====== DATASET EXTRACT ======

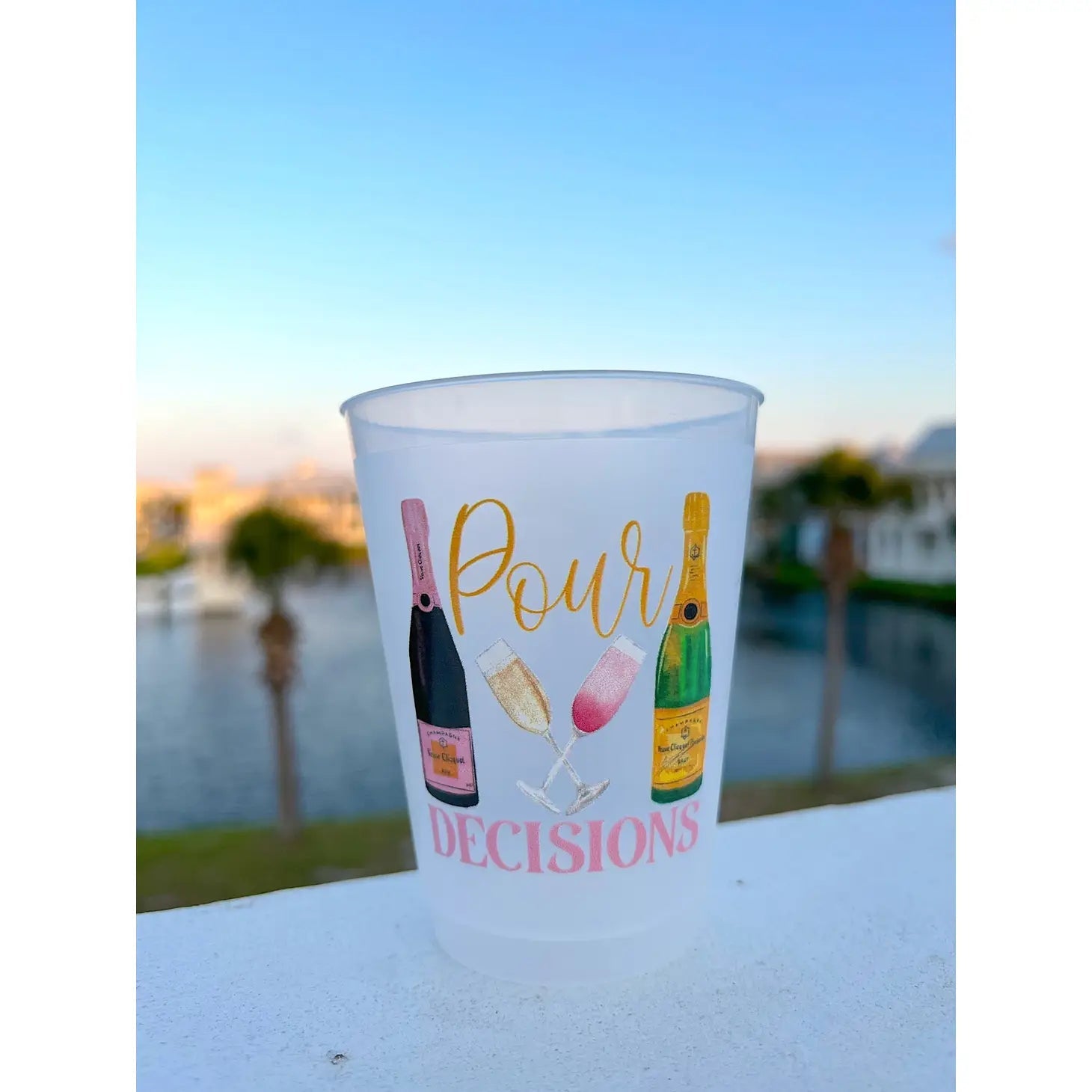 Pour Decisions Champagne Frosted Cups - So &amp; Sew Boutique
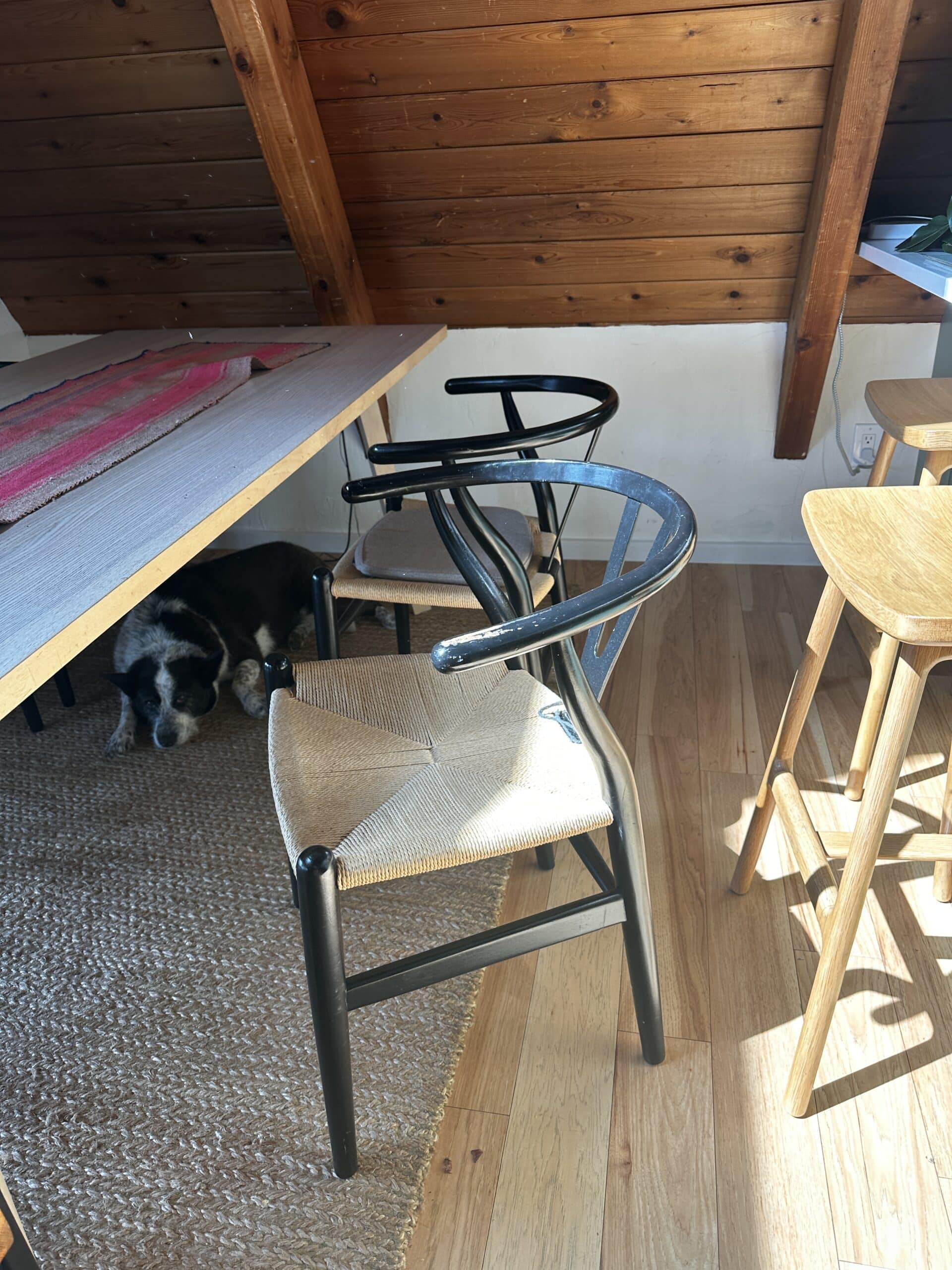 Wood and wicker dining chair at (4)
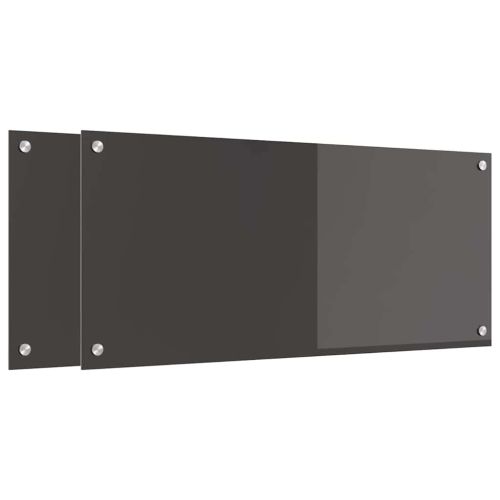 Кухненски заден панел 2 pcs Тъмен сив 90 x 40 cm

======

WHAT NEEDS TO BE DONE: Print exactly the lines from the line with "Wood and wicker dining chair at (4)" through the end of the data, both ends included, and print no pictures.

ANSWER TO THE EXERCISE:
 Wood and wicker dining chair at (4)
 Кухненски заден панел 2 pcs Тъмен сив 90 x 40 cm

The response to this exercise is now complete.